Consulate has given you bum information, unless there has been a recent change in Law which I don't believe to be the case, plenty of recent posts on subject, a non EU Citizen must apply for a Residence Visa and have it granted *before* relocating to Portugal, it cannot be done in Portugal

This is Portugal's US Embassy site, and applies equally to Canadian Citizens and clearly states what you are reguired to do Residency Visa

*Take note of *
Types I & II 

Completed applications with all required documentation (see attached table) must be submitted to the nearest Portuguese Consulate for processing. The application is then forwarded to the “Serviço de Estrangeiros e Fronteiras” in Portugal for consideration. *Applicants may relocate to Portugal ONLY after they have secured the proper visa.*

Residency starts when you arrive with correct Visa and register with SEF


----------



## bom dia lisbon (Aug 8, 2013)

Best to consult an accountant regarding your particular issue, but I find that the following site consistently provides good information:

Income Tax in Portugal | Portugal

To clarify the residency visa/permit issue, you apply for a residency visa from your home country. It is simply a visa, a sticker that attaches to a page in your passport that allows you to enter Portugal for the purposes of applying for residency, and is valid for four months. 

Once in Portugal, and during the period of visa validity, you must apply for a residency permit. It is a formal application process, differing from the registration process that EU citizens go through.

Good luck!


----------



## canoeman (Mar 3, 2011)

Yes a good site but although most of information accurate the percentages quoted aren't and haven't been updated for quite a while.

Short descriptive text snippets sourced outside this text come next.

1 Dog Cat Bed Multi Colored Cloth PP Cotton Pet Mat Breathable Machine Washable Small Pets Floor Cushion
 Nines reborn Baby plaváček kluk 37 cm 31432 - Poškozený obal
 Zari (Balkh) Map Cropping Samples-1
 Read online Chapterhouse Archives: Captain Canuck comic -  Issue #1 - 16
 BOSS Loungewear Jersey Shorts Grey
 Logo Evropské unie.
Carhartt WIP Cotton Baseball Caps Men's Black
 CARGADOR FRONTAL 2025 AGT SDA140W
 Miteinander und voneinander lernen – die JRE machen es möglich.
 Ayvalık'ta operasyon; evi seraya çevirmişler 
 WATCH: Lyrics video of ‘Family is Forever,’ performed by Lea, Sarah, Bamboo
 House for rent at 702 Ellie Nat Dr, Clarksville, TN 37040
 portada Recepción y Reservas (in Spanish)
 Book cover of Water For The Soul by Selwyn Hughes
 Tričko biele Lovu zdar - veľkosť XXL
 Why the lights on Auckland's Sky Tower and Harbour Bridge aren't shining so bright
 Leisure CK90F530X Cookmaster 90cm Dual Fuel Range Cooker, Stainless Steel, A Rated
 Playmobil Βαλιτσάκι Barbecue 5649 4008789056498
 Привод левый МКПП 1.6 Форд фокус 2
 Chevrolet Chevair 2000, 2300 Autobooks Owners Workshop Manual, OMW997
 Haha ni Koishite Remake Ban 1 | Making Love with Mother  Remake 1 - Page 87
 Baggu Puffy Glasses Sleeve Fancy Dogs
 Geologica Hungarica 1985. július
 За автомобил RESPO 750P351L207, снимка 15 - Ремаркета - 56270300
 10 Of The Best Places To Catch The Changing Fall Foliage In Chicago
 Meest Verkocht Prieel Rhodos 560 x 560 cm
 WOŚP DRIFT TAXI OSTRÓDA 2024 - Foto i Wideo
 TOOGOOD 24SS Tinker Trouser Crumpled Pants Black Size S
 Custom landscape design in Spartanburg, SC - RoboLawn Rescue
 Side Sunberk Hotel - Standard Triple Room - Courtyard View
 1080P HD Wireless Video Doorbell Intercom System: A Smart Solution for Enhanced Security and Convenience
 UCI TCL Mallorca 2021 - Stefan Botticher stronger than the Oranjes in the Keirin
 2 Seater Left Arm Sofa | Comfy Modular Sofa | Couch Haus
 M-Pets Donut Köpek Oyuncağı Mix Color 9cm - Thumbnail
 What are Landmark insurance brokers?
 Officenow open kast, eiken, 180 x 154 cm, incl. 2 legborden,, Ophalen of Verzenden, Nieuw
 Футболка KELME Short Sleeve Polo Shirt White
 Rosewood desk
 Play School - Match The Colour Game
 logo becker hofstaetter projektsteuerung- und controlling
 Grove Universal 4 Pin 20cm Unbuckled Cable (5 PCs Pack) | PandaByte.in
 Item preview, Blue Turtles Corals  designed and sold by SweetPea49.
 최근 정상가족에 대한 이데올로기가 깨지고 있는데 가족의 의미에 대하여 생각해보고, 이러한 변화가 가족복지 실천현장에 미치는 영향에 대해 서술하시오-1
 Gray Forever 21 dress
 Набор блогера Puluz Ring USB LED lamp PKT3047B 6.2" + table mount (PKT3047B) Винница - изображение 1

Can you confirm that the application for the Visa is as I've posted as your post sort of implies that it's far easier


----------



## bom dia lisbon (Aug 8, 2013)

Canoeman, your info is accurate  But just wanted to clarify that the Residency Visa, while an extremely extensive application process itself, is simply a "foot in the door" that allows you to apply for the actual Residency Permit in Portugal.


----------



## VinhoVerde (May 2, 2014)

Thanks to both for your help.


----------



## dstump (Apr 26, 2010)

Hi Vinhoverde, we will be moving to PT in May 2015 and have been discussing our tax situation with an accountant at PwC in Lisbon, here is an extract from his most recent mail to us, sent at the back end of November. It may well provide you with your answer.

_“In addition, under the Portuguese Personal Income tax reform, which should be in force in 2015, the split year approach will also be possible, as the criteria of Residency will change and establish that a person is deemed to be tax resident in Portugal since the first day of arrival to Portugal and onward, and not for the whole year. In this sense, under this new criterion that should be approved at the end of this year, you will qualify as Portuguese tax resident since the day you arrive.”_


----------



## VinhoVerde (May 2, 2014)

Thank you! The situation seems quite fluid in that PT law seems to change regularly! Will have to figure out my time of arrival carefully as I don't want to deal with a split year, if possible.


----------